Awni, the Kurdish official, says the residents of Mosul despise the Popular Mobilization Units and will fight hard to resist them. "The people of Mosul believe the PMU will destroy the city with artillery and air strikes the way they did Ramadi a few months ago and Tikrit last year. When they entered Tikrit the looted houses and killed many people," Awni says, adding: "the Mosul residents say if Shia militia are joining the fight, they will fight with ISIS, but if not, they will support the Coalition forces."
Col. Tariq Ahmed Jaff, deputy commander of the 9th Combat Brigade of Peshmerga based in Kirkuk said in an email, "After ISIS we may have to fight the PMU. These guys pretend to be heroes but they intimidate elderly men, women, and children." Sectarian war is a pervasive threat throughout Iraq’s territory south of Kurdistan’s borders. Hundreds of thousands of Iraqis have died in sectarian fighting that worsened after the U.S. invasion of 2003.
"Wherever there is PMU, there is Baghdad, and where there is Baghdad there is Tehran," observed Ernie Audino, a retired U.S. Army brigadier general and a Senior Military Fellow at the London Center for Policy Research.
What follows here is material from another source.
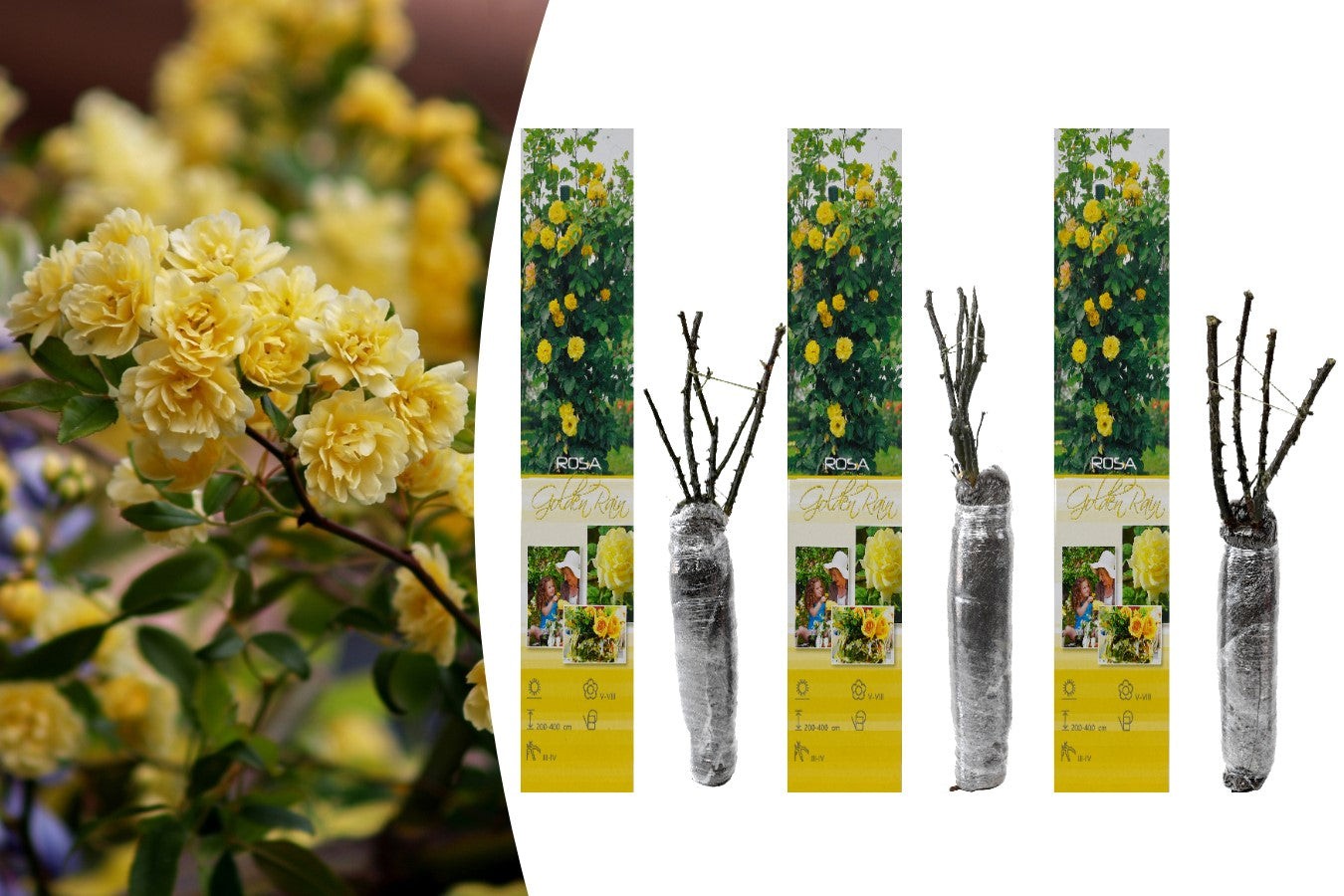 Rose grimpante JAUNE x3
"All three are Shia, all three are allies to some degree, and all three vigorously support the concept of a unified Iraq, by force if necessary," said Audino, who spent a year as an embed with the Pershmerga. "Consequently, Shia militias cadred by Iranian Quds Forces, and Shia-dominated Iraqi Army units have pressed into Kurdish areas in and around Jalawla and Tuz Khurmatu to directly challenge Peshmerga control. Their continuing presence is seen by Kurds as a hammer waiting to fall."